Как же оценил ее руководитель Главлита в 1931 г. в своем секретном докладе? Покончив с произведениями Замятина, он говорил: «А Булгаков представил роман еще занимательнее. Какой-то профессор подхватил на улице собачонку, такую паршивенькую собачонку, никуда не годную, отогрел ее, приласкал, отошла собачонка. Тогда он привил ей человеческие железы. Собачонка выровнялась и стала походить на человека. Профессор решил приспособить этого человека в качестве слуги (!?). И что же случилось? Во-первых, этот слуга стал пьянствовать и буянить, во-вторых, изнасиловал горничную. Кажется, потом стал уплотнять профессора, словом, безобразно себя вел. Тогда профессор подумал: нет, этот слуга не годится мне, и опять вырезал у него человеческие железы, которые ему привил, и поставил собачьи. Стал задумываться: почему это произошло? Думал, думал, и говорит: надо посмотреть, чьи же железы я ему привил. Начал обследовать больницу, откуда он взял больного человека, и установил: — «Понятно, почему все так вышло — я ему привил железы рабочего с такой-то фабрики.

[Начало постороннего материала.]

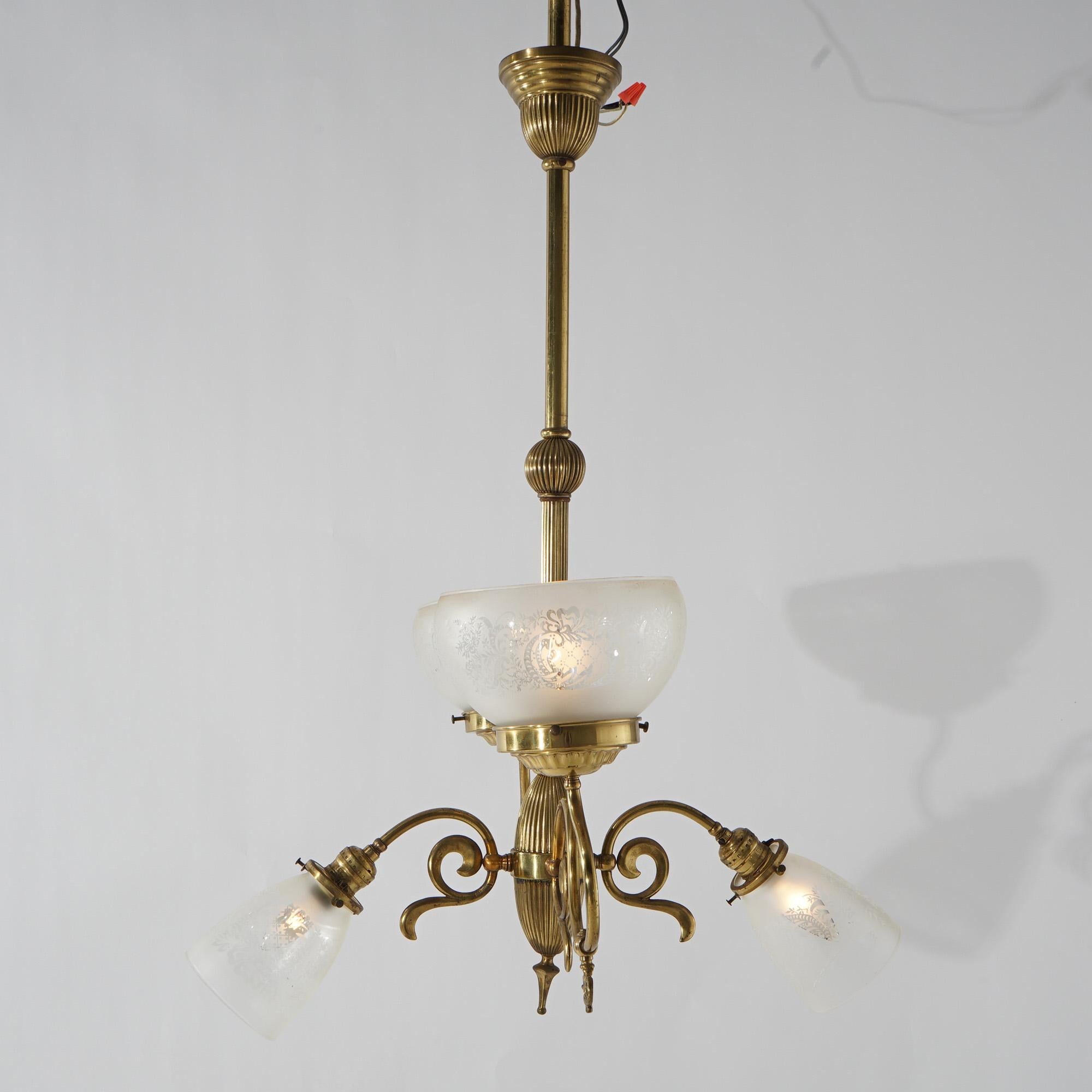An antique Victorian up-and-down electric and gas chandelier offers brass frame with two up-lights and two down-lights, each terminating in glass shades, 19th century

Measures - 34.5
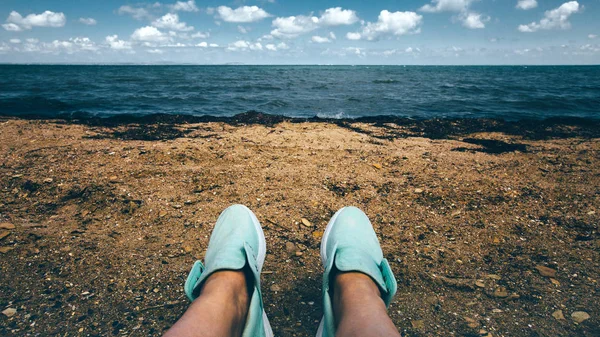 Piernas femeninas en zapatillas Descanso en la playa a lo largo del mar Concepto — Foto de Stock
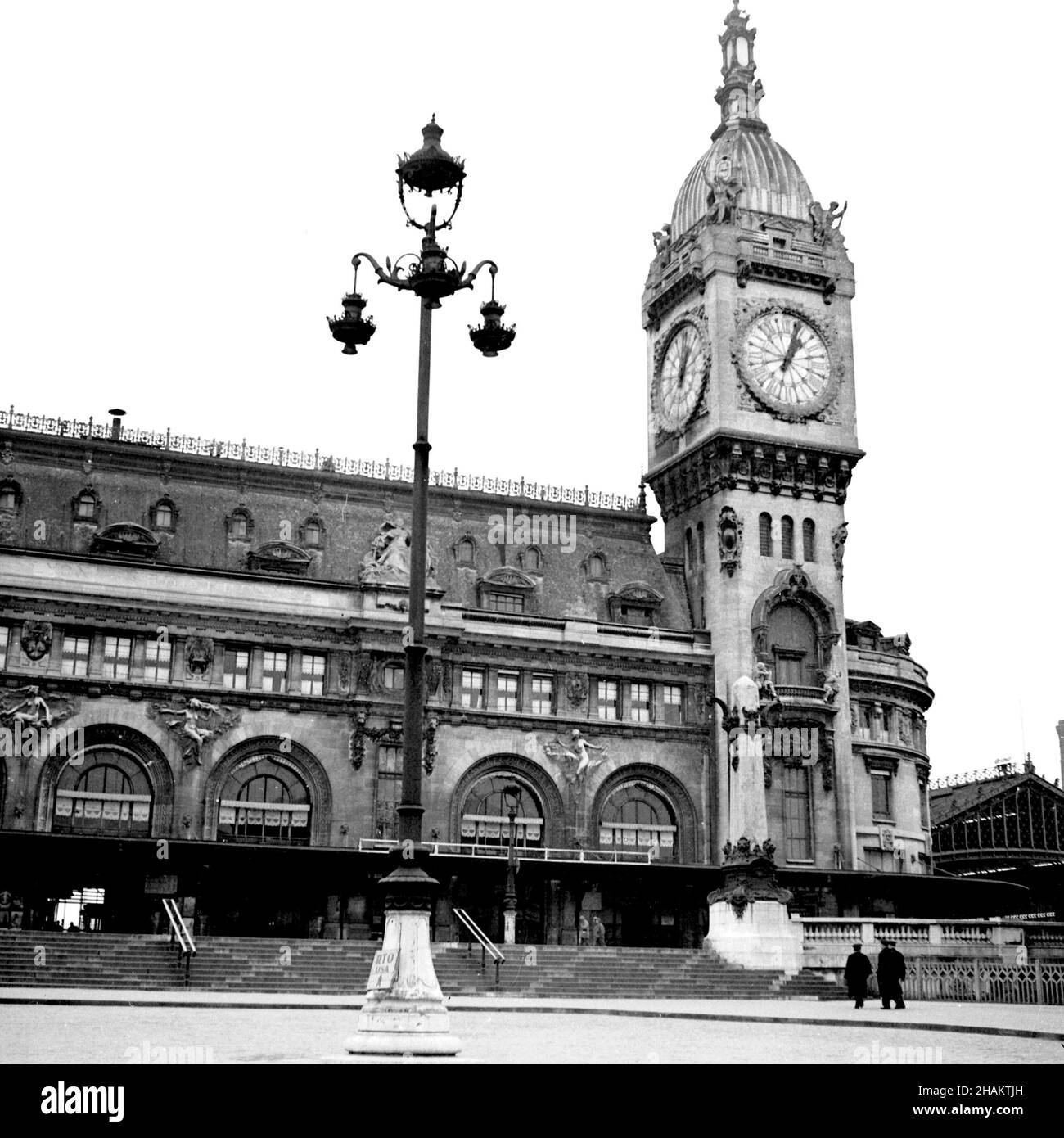 Paris Gare de Lyon, 1945 in der Nähe des Endes des Zweiten Weltkriegs. Ein Blick auf die Vorderseite des Bahnhofs mit seinem berühmten Uhrenturm vom Place Louis Armand. Der Bahnhof wirkt menschenleer, ohne Fahrzeuge und nur drei Fußgänger in Sicht. Stockfoto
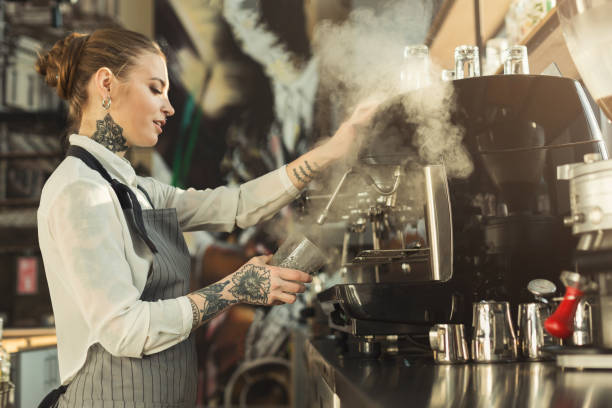 istock Tattooed barista making coffee in professional coffee machine 973172970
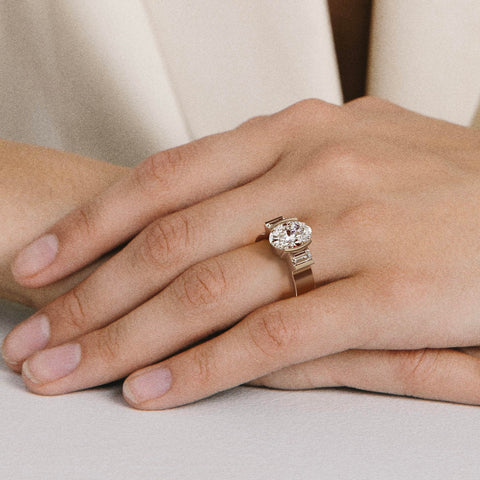 close view of oval diamond three stone ring with baguette side stones in partial bezel on flat band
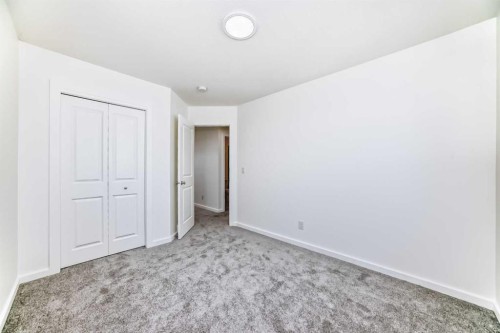 270 Sora Way Se, Calgary, AB - Indoor Photo Showing Other Room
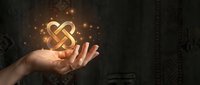 Glowing golden dollar sign symbol floating above open palm with magical sparkles and light effects on dark background for financial concepts.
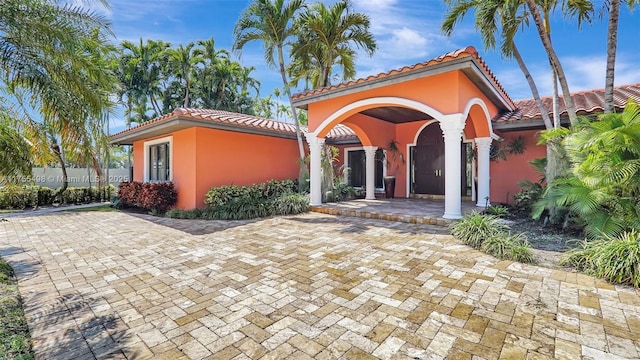 view of front of property featuring a tiled roof and stucco siding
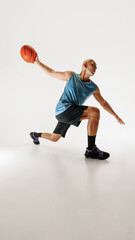 Naklejka premium Low angle photo of middle aged man in sleeveless jersey and shorts, training dribbling technique against grey studio background. Concept of sport event, competition, active and healthy lifestyle, game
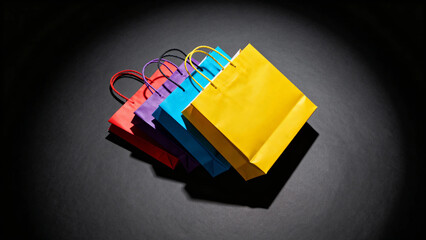 Colorful shopping bags arranged in a row on a dark surface under focused lighting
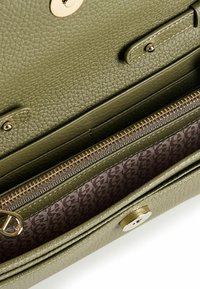 Interior de bolso de mano de cuero texturizado color verde oliva con un bolsillo con cremallera dorada y forro estampado. Cuenta con cierres magnéticos y de presión.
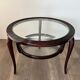 Round mid-century coffee table in walnut with a double top by Paolo Buffa.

Политический смысл тут, конечно, ясен без всяких толкований. Мы, конечно, не пропустили такой роман, но характерно то, что была публика так настроенной, что позволяла себе подавать такие романы» (V — ф. 597, оп. 3, д. 17, л. 18–19).

Далее Лебедев-Полянский с удовлетворением отмечает, что «сейчас таких романов не подают, но нечто в таком роде все еще бывает, а наши товарищи все еще печатают». Тем не менее, цензоры не должны терять «бдительности»: «Хотя теперь и нет таких махровых рассказов и романов, какие представляли Булгаков, Замятин и те, которые печатались в сменовеховской «России», но нам надо быть пожеще с художественной литературой. Наша точка зрения должна быть тоньше, и если раньше мы смотрели без очков, а теперь смотрим в очки, то в дальнейшем может быть придется смотреть с лупой, но эти вредные, враждебные нам элементы отыскивать. Борьба становится сложнее, труднее, чем она была до сих пор, потому что здесь требуются более тонкие нюансы (так! — А. Б.)». Имя Булгакова не дает покоя главному цензору на протяжении многочасового доклада (стенограмма содержит более 60 машинописных листов). Конечно, рассуждает он, «когда говорят, что этот роман не может быть выпущен потому, что зло в этом человеке сидит от того, что у него привиты железы от рабочего, а не какого-нибудь дворянина», то это само собой разумеется, но «…те нюансы, которые хорошо замаскированы, требуют более тщательного, внимательного и проникновенного отношения к себе».

Оказывается, по словам Лебедева-Полянского, политика цензурного ведомства «постепенно видоизменялась». «На первых порах в нашей политике было много элементов воспитательного характера. Мы ставили задачу воспитания писателя, приближения его к советской власти. Мы очень долго возились с такими писателями как, например, Булгаков. Мы все рассчитывали, что Булгаков как-нибудь сумеет перейти на новые рельсы, приблизиться к советскому строительству и пойти вместе с ним попутчиком, если не левым, то хотя бы правым или средним, или каким-нибудь другим». Однако Булгаков «доверия не оправдал»: «Часть писателей пошла с нами, а другая часть писателей, вроде Булгакова, не пошла и осталась самой враждебной нам публикой до последнего момента».